Jednocześnie intuicja podpowiedziała jej, że musi być jakiś haczyk - z jakiejś przyczyny Archanioł wybrał akurat ten dzień i tę konkretną godzinę, a gdyby się uparła (a nie należy to do trudnych zadań w jej wypadku), mogłaby kazać straży, bo pozbyła się go z pałacu, ponieważ naruszył zasady protokołu i przybył bez poinformowania o tym z dwudziestosześciogodzinnym wyprzedzeniem. Inną sprawą był fakt, że nie otrzymała żadnego sygnału o użyciu zaklęcia teleportującego na terenie pałacu - musiało to oznaczać, że ktoś naruszył zaklęcia ochronne, ale tym zajmie się po zakończeniu wizyty gościa.

-Bardzo się cieszę, że chcesz poślubić Marę, ale... czego chcesz w zamian?

Pora odkryć wszystkie karty.

-Ja?- głos króla otchłani brzmiał niewinnie. -Niczego nie pragnę bardziej niż Mary.

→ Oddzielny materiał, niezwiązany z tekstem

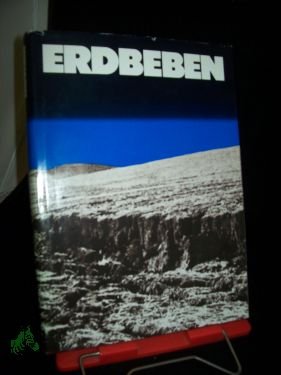 gebrauchtes Buch – Neumann, Walter (Verfasser) – Erdbeben / Walter Neumann , Franz Jacobs , Bernd Tittel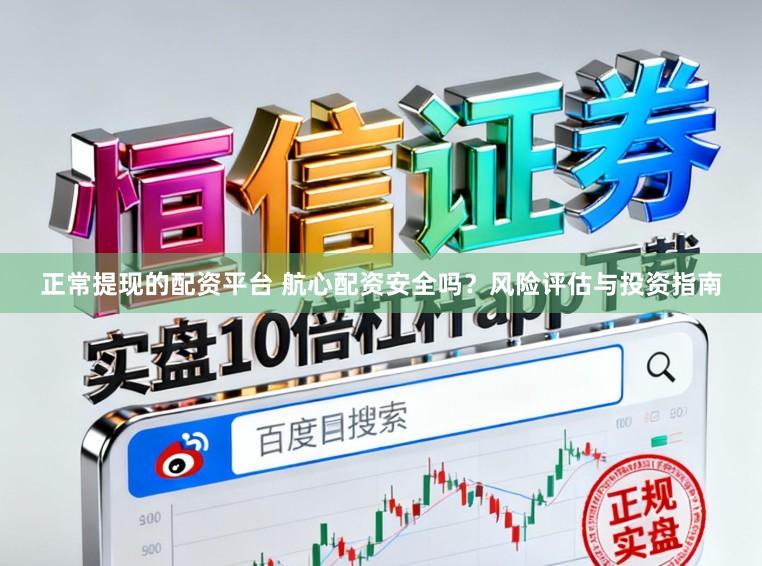 正常提现的配资平台 航心配资安全吗？风险评估与投资指南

I wezmę z nią ślub niezależnie od Waszej Cesarskiej Mości.

-W takim razie po co tu przyszedłeś?

-Ponieważ zależy mi na zgodzie całej rodziny przy zawarciu związku małżeńskiego.

-Ciekawe... A co, jeśli się nie zgodzę? Tak czysto teoretycznie.

-Wówczas Waszą Cesarską Mość ominie ślub bratanicy.

Zanim zdążyła zareagować, dodał szybko:

-Nie mówię o Marze.

Cisza. A potem...

Wrzask Lisbeth rozniósł się echem po całym pałacu.